Over the almost six year history of this site, Katy Goodman and her current musical project La Sera have become a JOVM mainstay. And over that period, La Sera, which was initially begun as a solo side project from Goodman’s time with Vivian Girls and All Saints Day developed a growing national profile with the release of three critically applauded albums — the project’s self-titled debut, Sees the Light and Hour of the Dawn. Each successive album had Goodman expanding upon and experimenting with her sound — with 2014’s Hour of the Dawn being the most punk-leaning album she had released to date. Goodman’s fourth and upcoming album, Music For Listening To Music To will further cement her reputation for continually expanding upon her sound, while revealing an artist show has gone through major personal and artistic transitions. In fact, one of the biggest personal transitions that has informed and inspired the album thematically and sonically is the fact that Goodman’s husband Todd Wisenbaker, best known as a member of Music For Listening‘s producer Ryan Adams‘ backing band, has joined the project as a guitarist and cowriter.
Now, if you’ve been on this site in the past month or so, you may recall that I wrote about Music For Listening‘s first single “High Notes,” a song that paired the shimmering guitar chords of The Smiths and the propulsive, old-school chugging rhythm of Johnny Cash (in particular, think of “Folsom Prison Blues,” “Jackson” and countless others) with Goodman’s wistfully ethereal coos. “High Notes” makes a vital connection between punk, post-punk and renegade country that countless others have done before but while pointing out an irony at the heart of any relationship that’s busted up — that you may be take the high road, not because you actually believe it’s the best thing or the adult thing to do but because you want to appear as though you’re not as petty as you might really be and feel and because on another level you want to make sure that you’re the only one who could get the last word. And it may be the most honest and heartfelt sentiment you’ll come across in a song in some time.

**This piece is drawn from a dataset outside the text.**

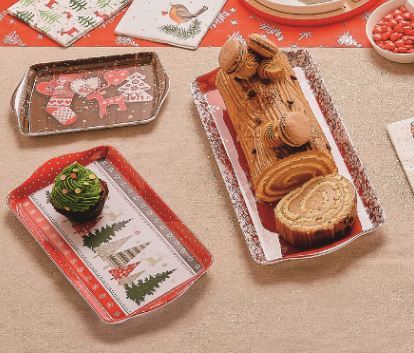  PLATEAU code EAN 3459223561701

The album’s latest single “I Need An Angel” is reminiscent of The Smiths “This Charming Man” and “Hand In Glove” as it pairs gorgeous and shimmering guitar chords and a propulsive rhythm with swooning and lovelorn lyrics sung from the prospective of the achingly and desperately lonely and unloved. Certainly, if you’ve ever been alone on Valentine’s Day — or if you’re alone, now — it’s a sentiment that feels deeply familiar.